Coming off the bike with Scott, Allen built a five-minute lead on the run. “I wasn’t pushing it to any crazy limit,” Allen insists.
From the marathon turnaround, it was 10 miles to the finish. “About one mile past the turnaround, I knew something wasn’t right,” Allen remembers.
With a few miles to go, Scott passed Allen and went into the lead. “I stopped and went to the bathroom and realized I was bleeding inside,” Allen says. “I crossed the line and gave thanks that I was alive and still in second.”
After the disappointment of the 1987 race, Allen came back in 1988 and thought he was once again ready to win the Ironman World Championship, especially after Scott pulled out of the race the night before with knee issues. Allen had two flat tires and finished fifth. But his first title wouldn’t have been as poetic without beating his nemesis in the process, anyway.

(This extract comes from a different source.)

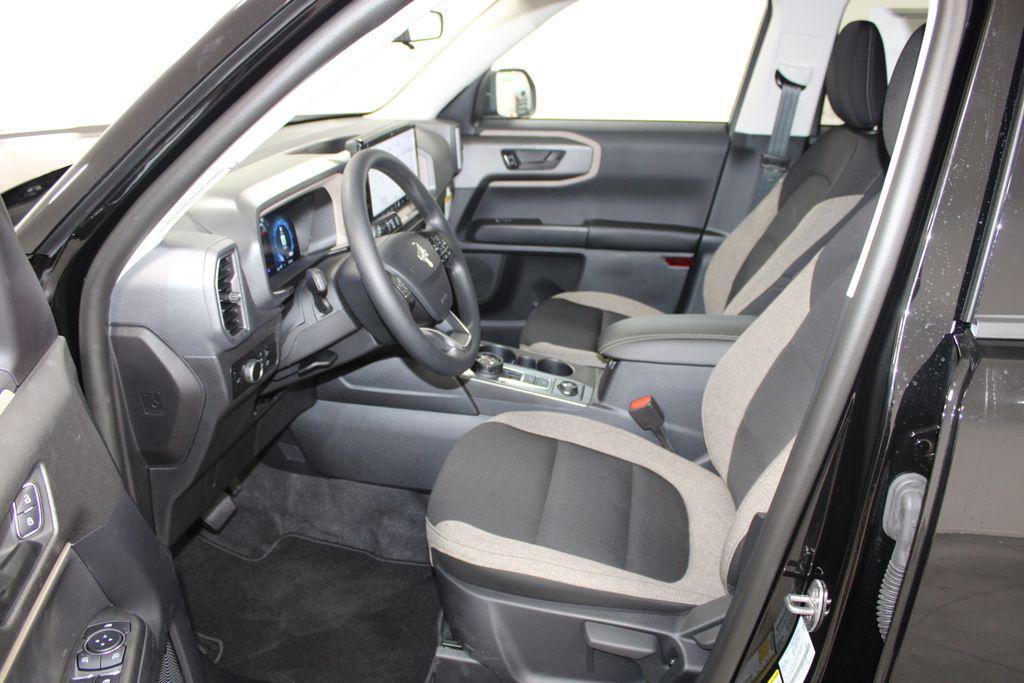 new 2025 Ford Bronco Sport car, priced at $32,187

Before the 1989 Ironman, Allen’s stepmother told him she had a premonition about the race. “She said, ‘I have a good feeling about this year,’” Allen remembers. What he didn’t know was that years earlier, she had taken a piece of lava rock home as a souvenir.
There is a legend on the Big Island of Hawaii known as the curse of Madame Pele, the goddess of fire, lightning, wind and volcanoes. If you remove lava from the island, you and your family will be penalized with bad luck. Before the 1989 race, fearing that she might have angered Madame Pele, Allen’s stepmother brought the rock back to the Big Island and returned it to the lava fields.
Sometimes, things are meant to be. That year, Allen ended the curse by finally defeating Scott during the defending champ’s best ever Kona performance in a race for the ages, now simply referred to as Iron War.